▸ **Activity**: Lines from the one containing "So to recap, for" through the last line of the data are to be returned exactly, both ends included, minus any pictures.

▸ **The data**:
BEGIN

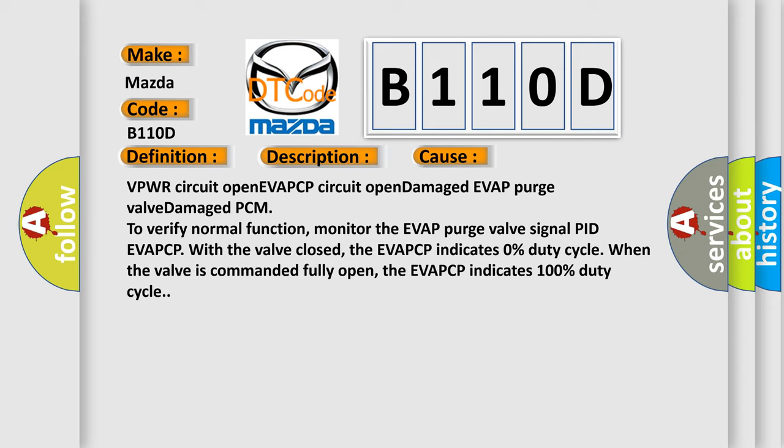VPWR circuit open, EVAP CP circuit open, damaged EVAP purge valve, damaged PCM. To verify normal function, monitor the EVAP purge valve signal PID EVAP CP with the valve closed. The EVAP CP indicates 0% duty cycle when the valve is commanded fully open, the EVAP CP indicates 100% duty cycle.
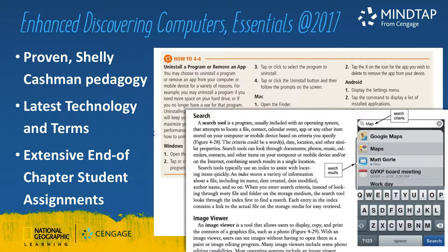Enhanced Discovering Computers Essentials 2017. This text allows you to teach students to maximize how they use mobile devices, make the most of online tools for collaboration and communications, and fully utilize modern internet capabilities. Discovering Computers is an introduction to computing title that allows students to see how technology skills assist in employment and advancing their careers. The authors utilize proven Shelley Cashman series pedagogy with careful explanations of complex concepts, step-by-step visual drawings and photographs, educationally sound elements, and reinforcement.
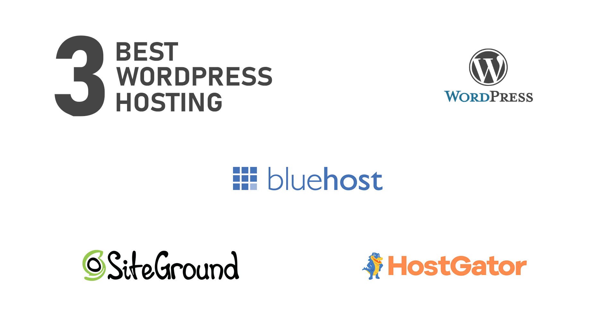So to recap, for me the three best WordPress hosting providers are Bluehost, SiteGround, and HostGator. Thank you for watching this video and please don't forget to click the subscribe button and the bell so you won't miss anything from Black Matrix. Thank you.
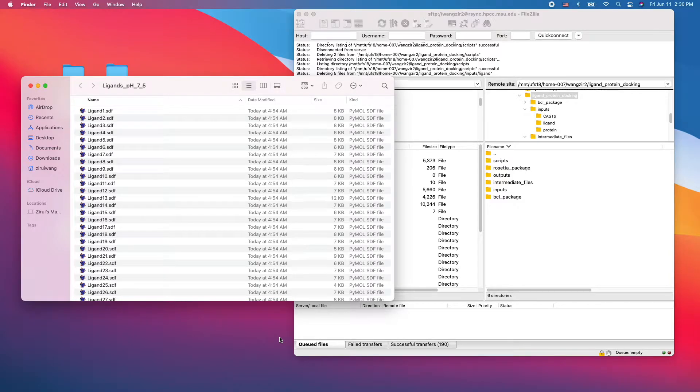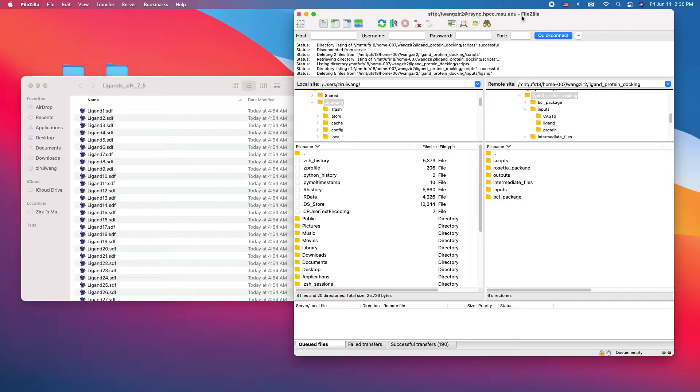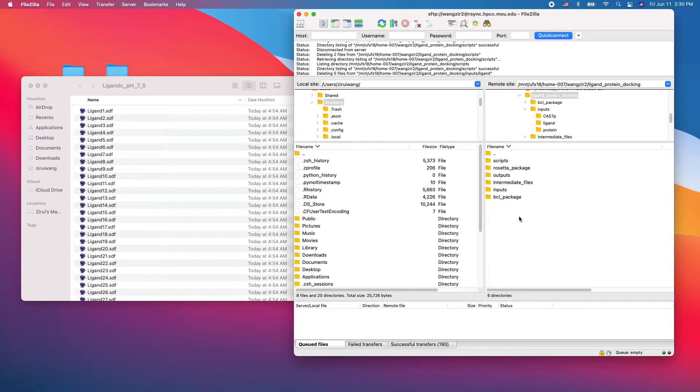Alright, I have my ligands ready. They are all at pH 7.5 and I'm going to use FileZilla to transfer my files into my HPCC account.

END

▸ **Response area**:
So to recap, for me the three best WordPress hosting providers are Bluehost, SiteGround, and HostGator. Thank you for watching this video and please don't forget to click the subscribe button and the bell so you won't miss anything from Black Matrix. Thank you.
Alright, I have my ligands ready. They are all at pH 7.5 and I'm going to use FileZilla to transfer my files into my HPCC account.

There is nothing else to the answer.